**Data for review:**
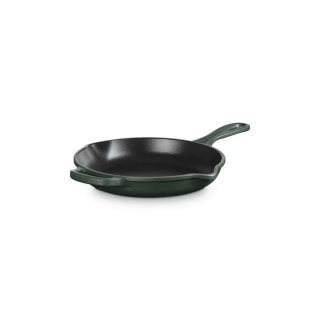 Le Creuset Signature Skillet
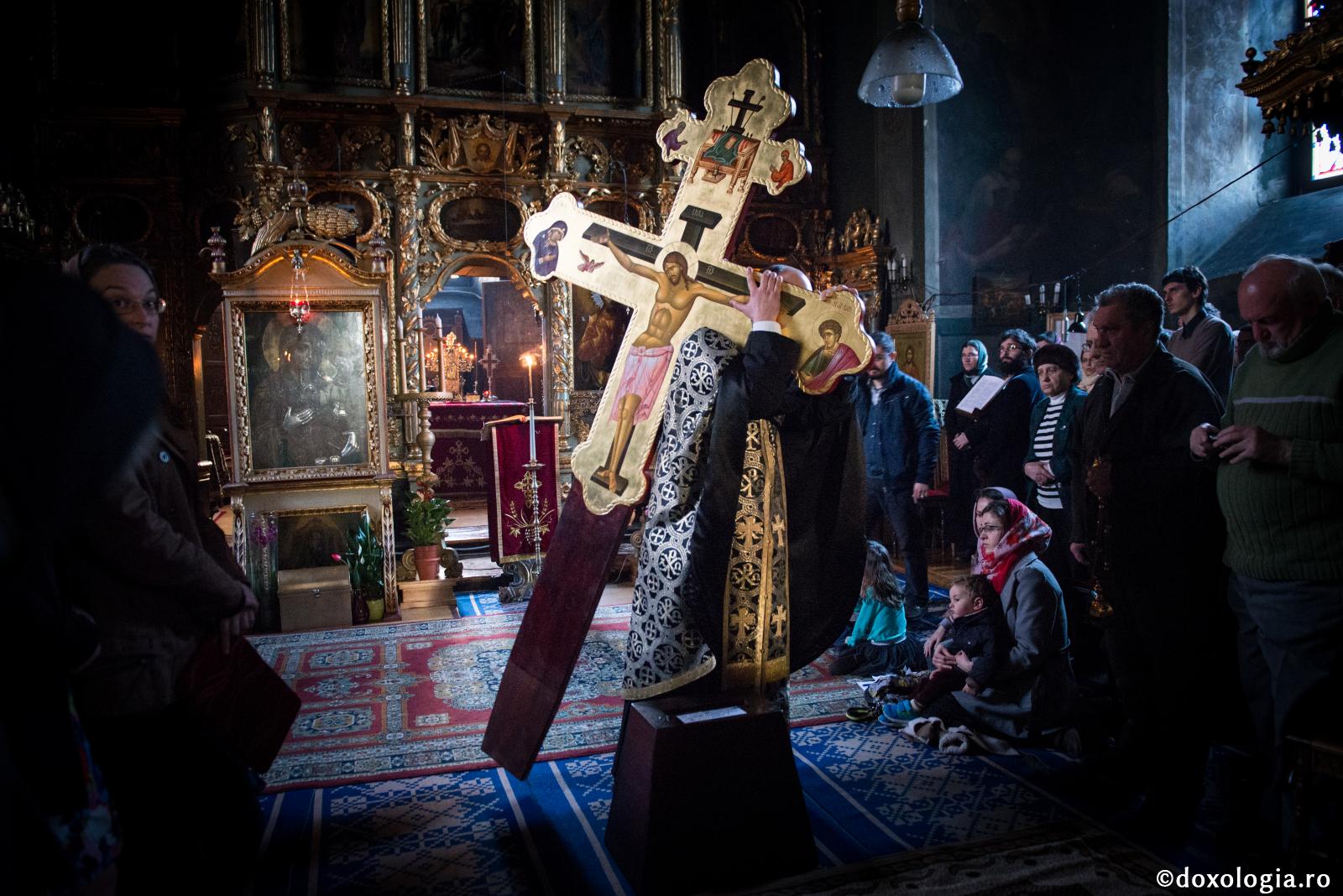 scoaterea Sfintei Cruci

...

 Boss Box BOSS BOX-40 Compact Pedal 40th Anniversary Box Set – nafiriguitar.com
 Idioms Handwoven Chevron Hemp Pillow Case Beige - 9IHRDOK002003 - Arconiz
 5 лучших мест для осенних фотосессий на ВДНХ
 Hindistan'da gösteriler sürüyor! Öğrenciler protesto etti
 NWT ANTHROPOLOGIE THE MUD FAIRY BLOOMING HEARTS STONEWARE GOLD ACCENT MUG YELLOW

**What is expected:** Above this instruction are the records; retype exactly the lines from the one containing "Hindistan'da gösteriler sürüyor!" up to and including the one containing "NWT ANTHROPOLOGIE THE".

**Exercise solution:**
 Hindistan'da gösteriler sürüyor! Öğrenciler protesto etti
 NWT ANTHROPOLOGIE THE MUD FAIRY BLOOMING HEARTS STONEWARE GOLD ACCENT MUG YELLOW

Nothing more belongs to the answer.